◆ Requirement: Print the listing exactly as it stands, and skip any pictures in it.

◆ Dataset section:
>>>

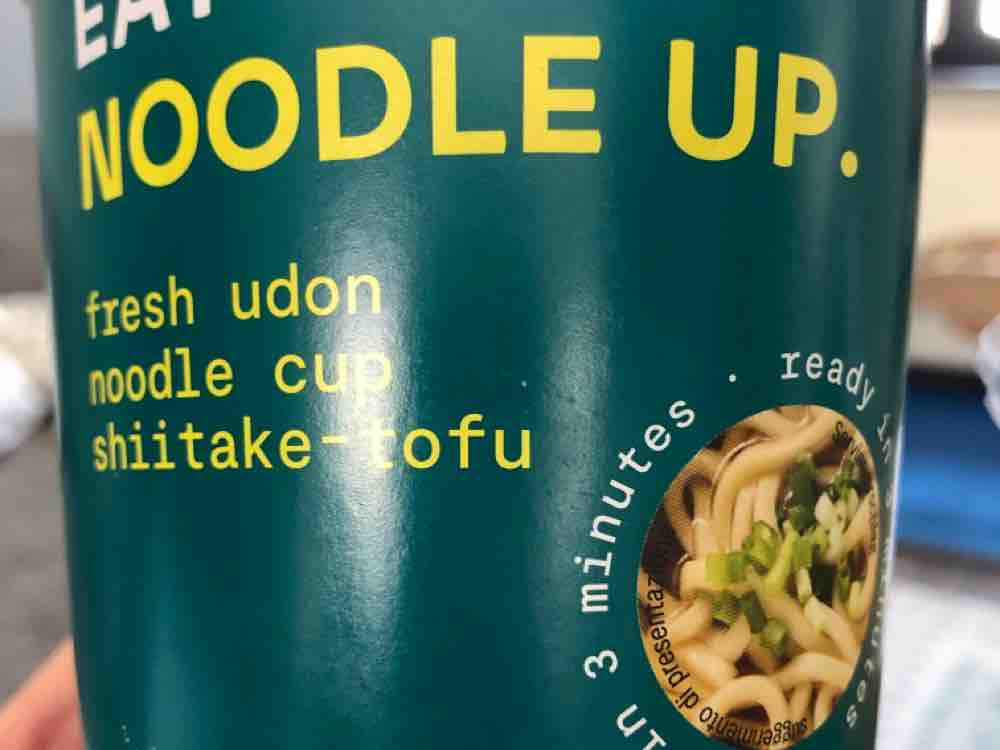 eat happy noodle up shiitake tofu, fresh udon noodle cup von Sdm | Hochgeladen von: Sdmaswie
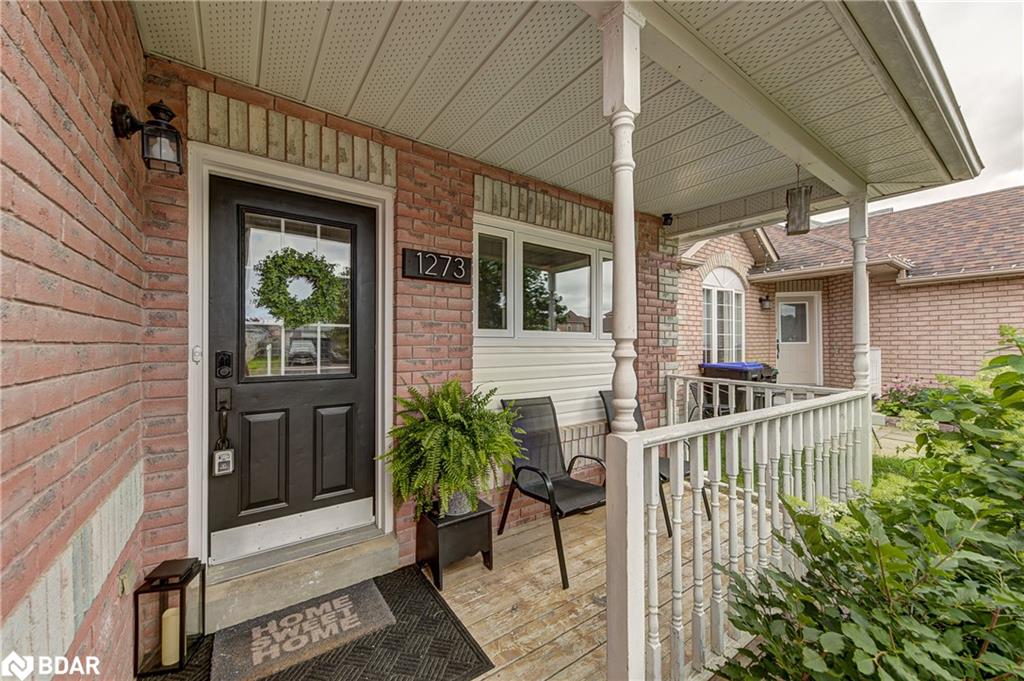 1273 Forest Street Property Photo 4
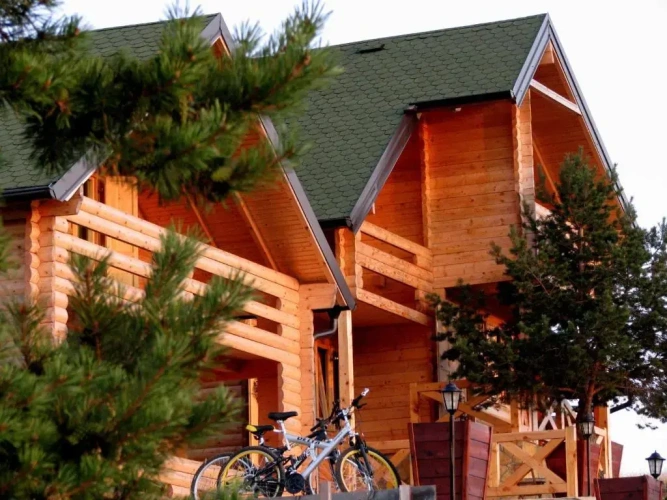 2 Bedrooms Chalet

<<<

◆ Task result:
 eat happy noodle up shiitake tofu, fresh udon noodle cup von Sdm | Hochgeladen von: Sdmaswie
 1273 Forest Street Property Photo 4
 2 Bedrooms Chalet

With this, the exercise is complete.